St. Aisyah RA menuturkan, bahwa Nabi Muhammad SAW bersabda, “Seseorang yang membeli pakaian seharga satu dinar atau setengah dinar, lalu memakainya seraya mengucapkan puji syukur kepada Allah, maka begitu ia pakai hingga menutupi kedua lututnya, Allah mengampuni dosanya.” (HR. Al-Hakim, Al-Baihaqi, Ibnu Abi Dunya).
Pernah ada satu cerita tentang seorang penggermbala yang memakai pakaian koyak dan pakaian bagus, yang ternyata menjadi tanda kematiannya. Sebagaimana Sy. Jabir bin Abdullah RA menginformasikan, bahwa suatu saat Rasulullah SAW melihat seorang penggembala, yang pada siang harinya bekerja kepada Sy. Jabir. Si penggembala itu memakai baju rangkap dua yang sudah koyak. Maka bertanyalah beliau SAW kepada Sy. Jabir, “Apakah ia tidak mempunyai baju selain yang dipakainya itu?”
“Wahai Rasulullah, dia mempunyai dua baju simpanan yang kuberikan kepadanya, “kata Sy. Jabir RA.
Lalu Rasulullah SAW menyuruh Sy. Jabir agar memerintahkan si penggembala memakai baju yang disimpannya. Si penggembala itu pun segera mengganti pakaiannya yang telah koyak dengan baju simpanannya yang masih bagus. Setelah si penggembala itu mulai beranjak pergi, maka Rasulullah SAW bersabda, “Tampaknya dia akan segera mati.”
Si penggembala itu menyahut, “Akan tetapi, saya minta mati dalam perjuangan di jalan Allah, wahai Rasulallah.”
Rasulullah SAW bersabda, “Ya, dalam perjuangan di jalan Allah.”
Beberapa waktu kemudian, menurut Sy. Jabir RA, bahwa si penggembala itu benar-benar gugur dalam perjuangan di jalan Allah. (HR. Malik).
Memilih bentuk pakaian juga tidak boleh sembarangan. Orang Islam dilarang menggunakan pakaian yang sudah menjadi trademark bagi penganut agama lain. Bahkan larangan ini bersifat haram dan permanen menurut ajaran syariat Islam.
Sy. Ali bin Abi Thalib RA menegaskan, bahwa Rasulullah SAW melarang berpakaian seperti baju pendeta, memakai pakaian tercelup dengan warna kuning (yang menyerupai pakaian pembesar agama lain), memakai cincin emas, dan membaca Al-Qur’an di saat ruku shalat.” (HR. Muslim).

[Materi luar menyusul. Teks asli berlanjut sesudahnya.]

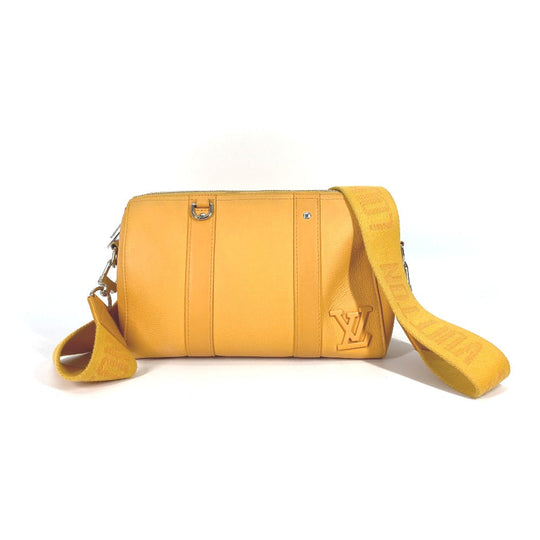 LOUIS VUITTON Shoulder Bag M21438 leather yellow LV Aerogram City Keepall mens Used Authentic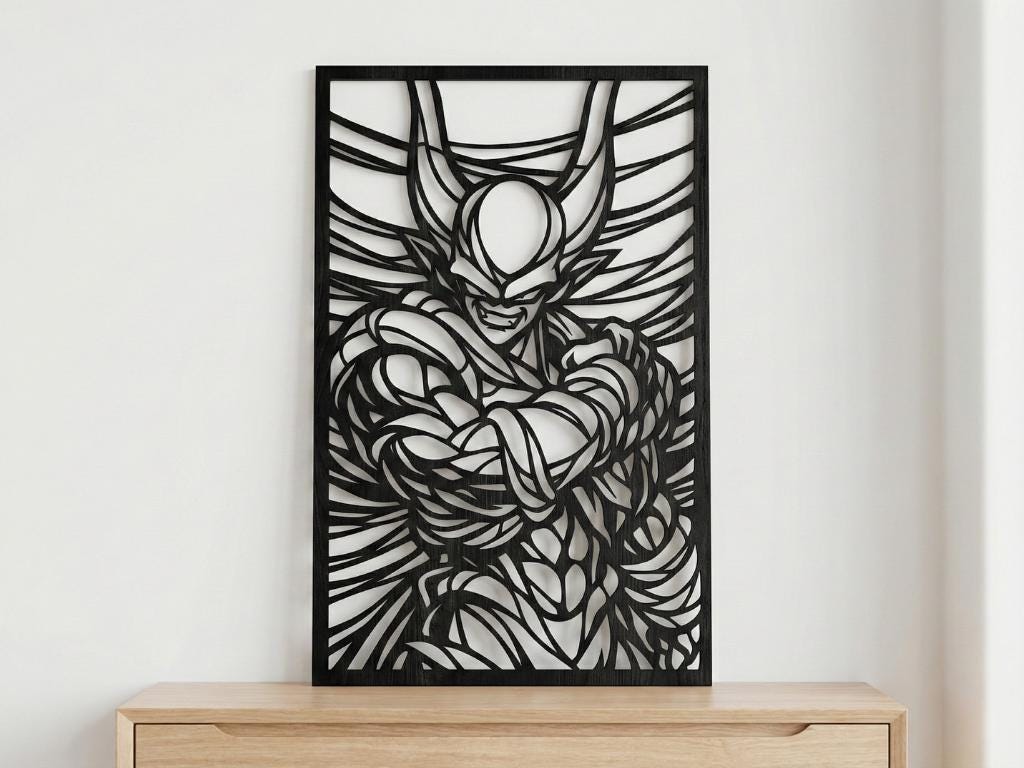 Laser Cut Anime Wall Art Decor – Janemba | Flow-Line Art Black Frame | SVG AI DXF dwg Files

Karena itu, wajib bagi setiap muslim untuk menolak pihak manapun, misalnya dari pengelola swalayan tertentu, yang memaksakan kehendak dengan mengharuskan para pegawainya termasuk yang muslim dan muslimah, untuk menggunakan atribut yang disesuaikan dengan datangnya perayaan hari besar non-Muslim.
Jika para pegawai muslim dan muslimah itu tetap menggunakan atribut non muslim, maka mereka telah berdosa kepada Allah, karena itu sudah seharusnya mereka berani menolak dengan cara diplomasi yang baik.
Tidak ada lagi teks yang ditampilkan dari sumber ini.